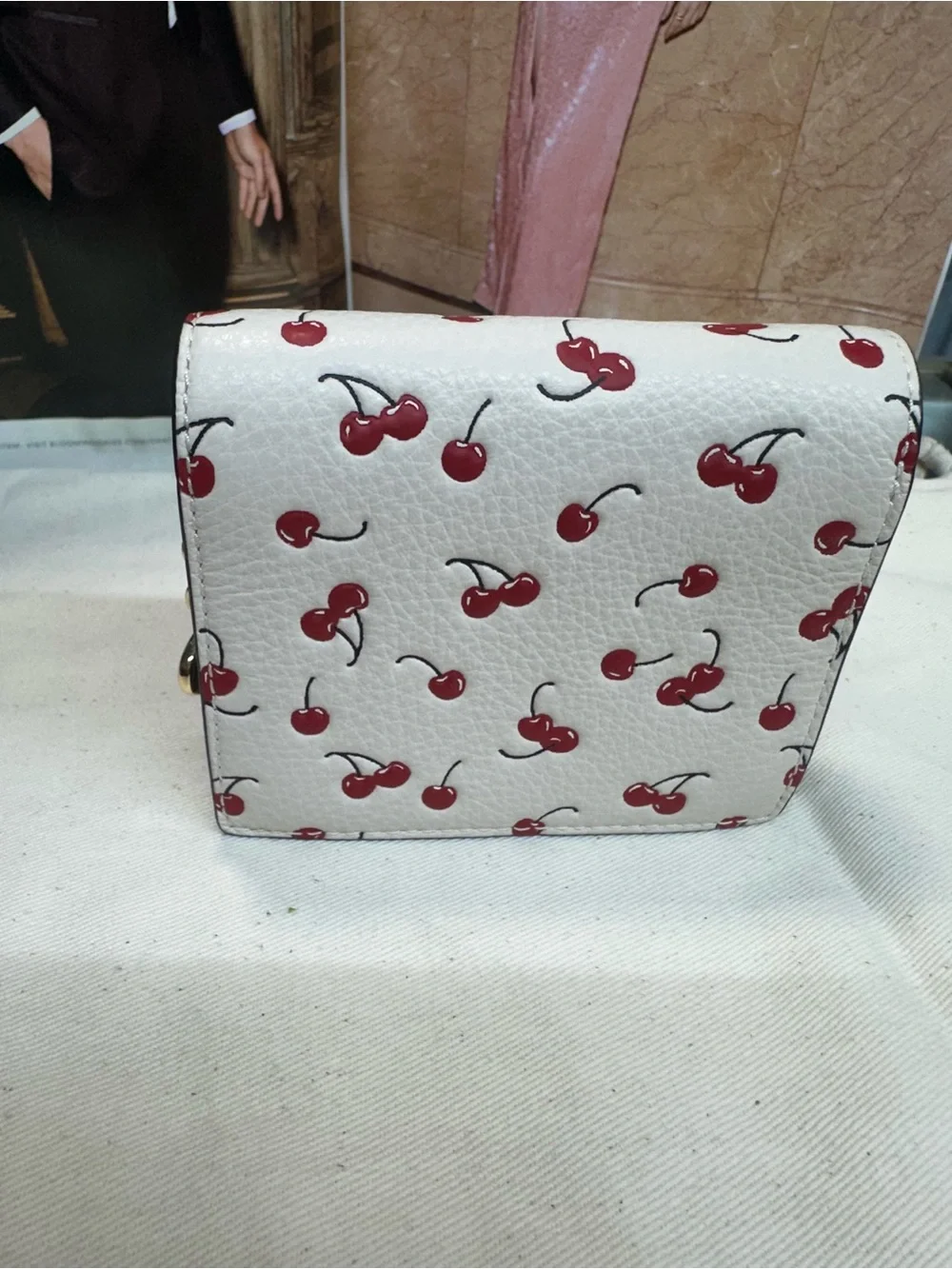 Coach Snap Wallet With Cherry Print . New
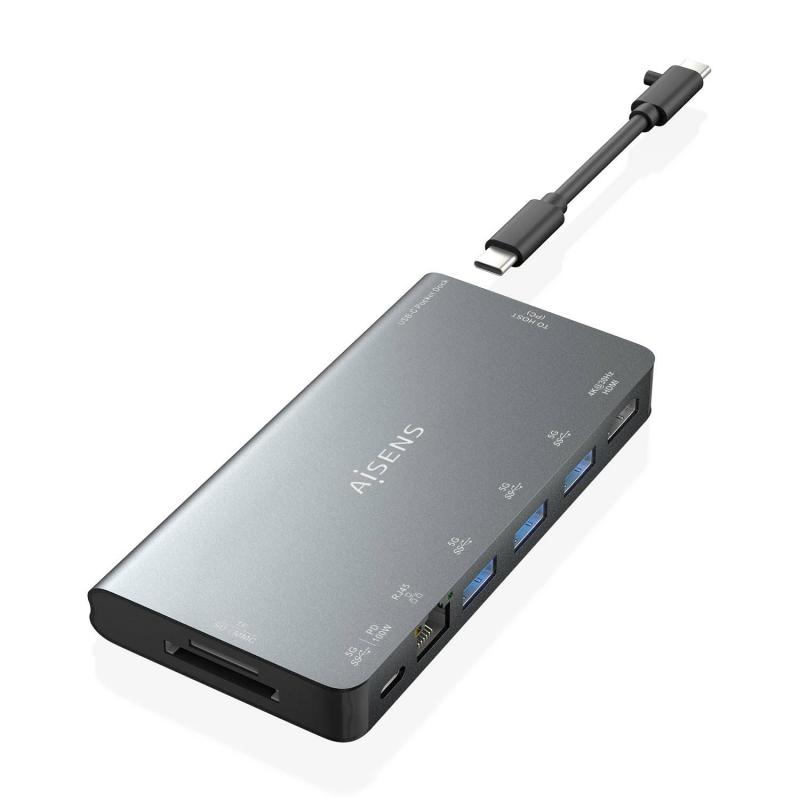 aisens-usb-c-dock-8-en-1-usb-c-a-1xhdmi-1xrj45-3xusb-a-1xusb-c-datospd-1xsd-1xmicro-sd-gris-10-cm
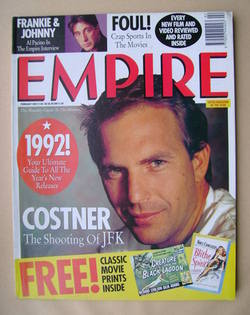 <!--1992-02-->Empire magazine - Kevin Costner cover (February 1992 - Issue 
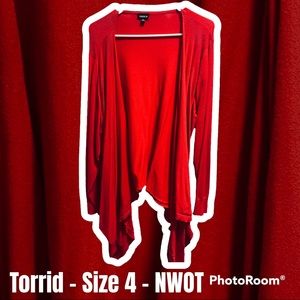 Torrid Drape Front Cardigan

### Problem requirements
An exact repeat of all the data is required, pictures excluded.

### Answer box
 Coach Snap Wallet With Cherry Print . New
 aisens-usb-c-dock-8-en-1-usb-c-a-1xhdmi-1xrj45-3xusb-a-1xusb-c-datospd-1xsd-1xmicro-sd-gris-10-cm
 <!--1992-02-->Empire magazine - Kevin Costner cover (February 1992 - Issue 
 Torrid Drape Front Cardigan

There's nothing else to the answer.